→ Input for this task:
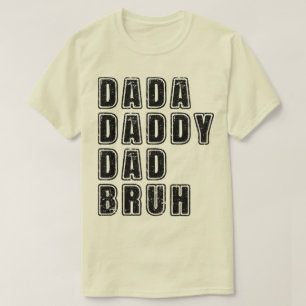 T-shirt Dada Papa Papa Bruh Papa Vintage Papa Dit Drôle Dr
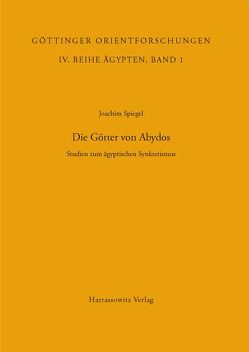 Die Götter von Abydos von Spiegel,  Joachim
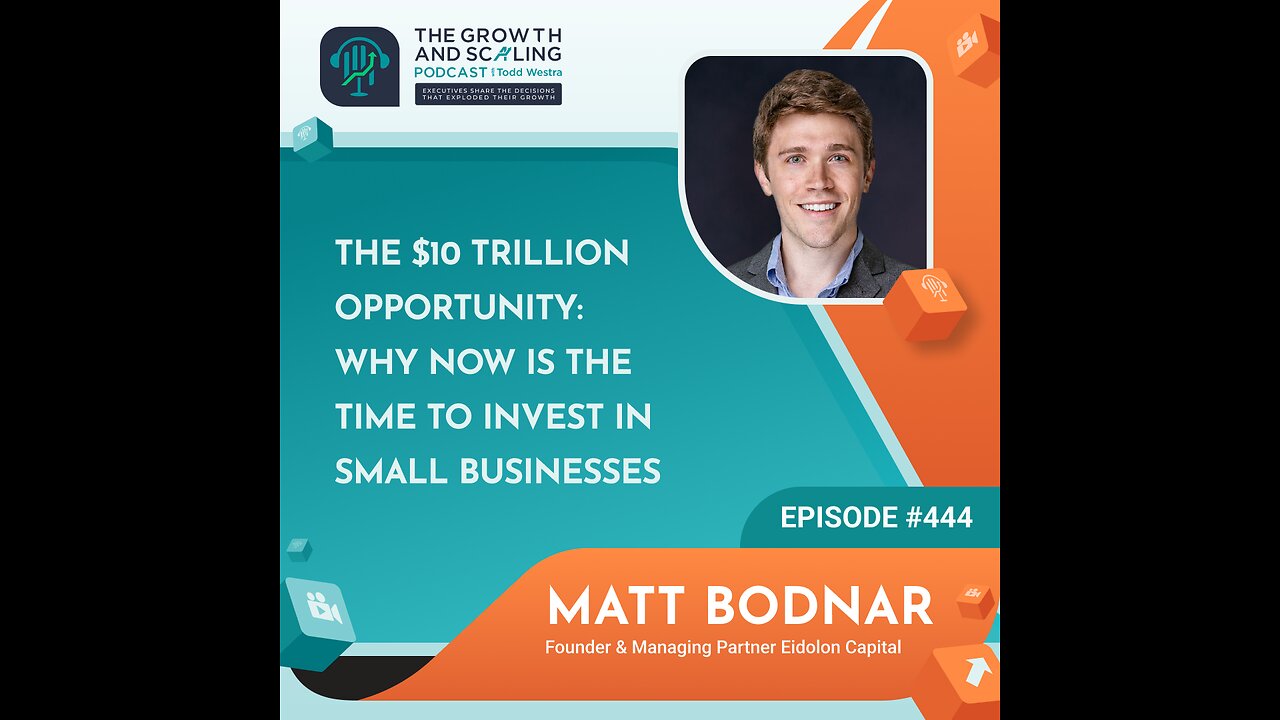 Ep#444 Matt Bodnar: The $10 Trillion Opportunity: Why NOW is the Time to Invest in Small Businesses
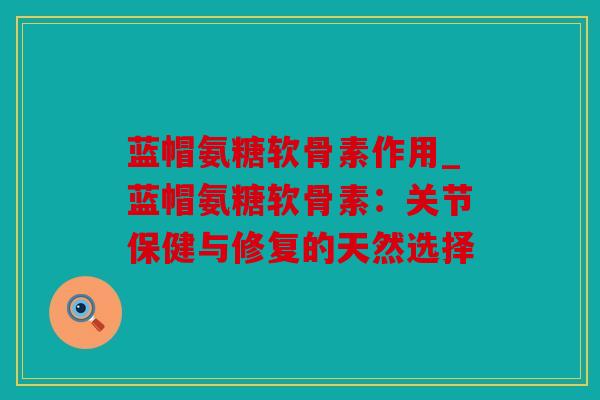 蓝帽氨糖软骨素作用_蓝帽氨糖软骨素:关节保健与修复的天然选择 蓝帽氨糖软骨素作用_蓝帽氨糖软骨素:关节保健与修复的天然选择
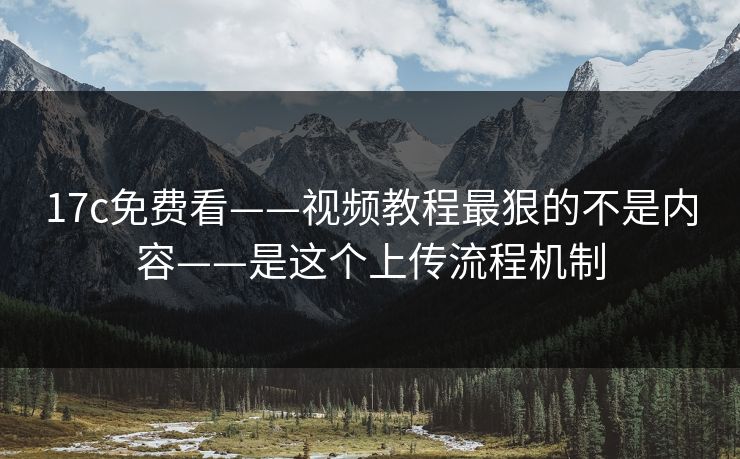 17c免费看——视频教程最狠的不是内容——是这个上传流程机制-第1张图片-17c官网 - 无码高清每日更新
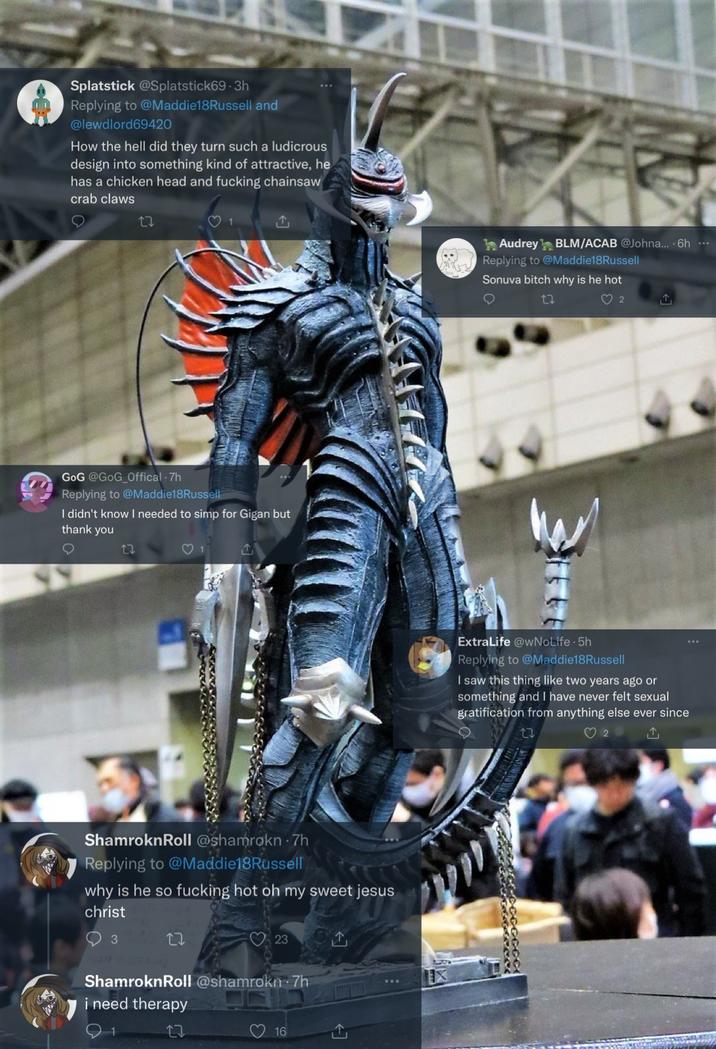 Splatstick @Splatstick69-3h Replying to @Maddie18Russell and @lewdlord69420 How the hell did they turn such a ludicrous design into something kind of attractive, he has a chicken head and f------ chainsaw crab claws 27 GoG @GoG_Offical - 7h Replying to @Maddie18Russell I didn't know I needed to simp for Gigan but thank you 17 1 ShamroknRoll @shamrokn .7h Replying to @Maddie18Russell why is he so f------ hot oh my sweet jesus christ 3 23 ShamroknRoll @shamrokn⚫7h i need therapy 1 17 16 Audrey BLM/ACAB @Johna....6h... Replying to @Maddie18Russell Sonuva bitch why is he hot 2 ExtraLife @wNoLife. 5h Replying to @Maddie18Russell I saw this thing like two years ago or something and I have never felt sexual gratification from anything else ever since ↑ 27 ♡ 2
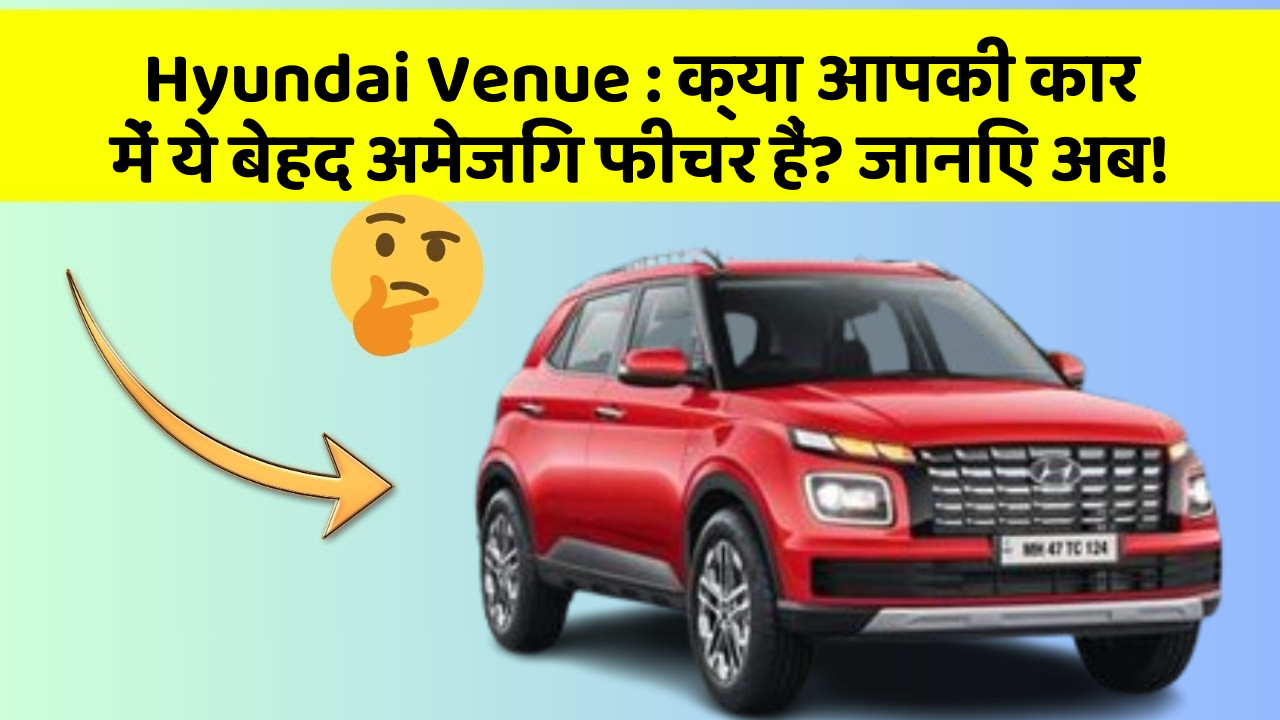 Hyundai Venue : क्या आपकी कार में ये बेहद अमेजिंग फीचर हैं? जानिए अब!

→ What the task asks: None of the pictures belong in the copy; repeat all other material exactly.

→ Answer to this task:
 T-shirt Dada Papa Papa Bruh Papa Vintage Papa Dit Drôle Dr
 Die Götter von Abydos von Spiegel,  Joachim
 Ep#444 Matt Bodnar: The $10 Trillion Opportunity: Why NOW is the Time to Invest in Small Businesses
 蓝帽氨糖软骨素作用_蓝帽氨糖软骨素:关节保健与修复的天然选择 蓝帽氨糖软骨素作用_蓝帽氨糖软骨素:关节保健与修复的天然选择
 17c免费看——视频教程最狠的不是内容——是这个上传流程机制-第1张图片-17c官网 - 无码高清每日更新
 Splatstick @Splatstick69-3h Replying to @Maddie18Russell and @lewdlord69420 How the hell did they turn such a ludicrous design into something kind of attractive, he has a chicken head and f------ chainsaw crab claws 27 GoG @GoG_Offical - 7h Replying to @Maddie18Russell I didn't know I needed to simp for Gigan but thank you 17 1 ShamroknRoll @shamrokn .7h Replying to @Maddie18Russell why is he so f------ hot oh my sweet jesus christ 3 23 ShamroknRoll @shamrokn⚫7h i need therapy 1 17 16 Audrey BLM/ACAB @Johna....6h... Replying to @Maddie18Russell Sonuva bitch why is he hot 2 ExtraLife @wNoLife. 5h Replying to @Maddie18Russell I saw this thing like two years ago or something and I have never felt sexual gratification from anything else ever since ↑ 27 ♡ 2
 Hyundai Venue : क्या आपकी कार में ये बेहद अमेजिंग फीचर हैं? जानिए अब!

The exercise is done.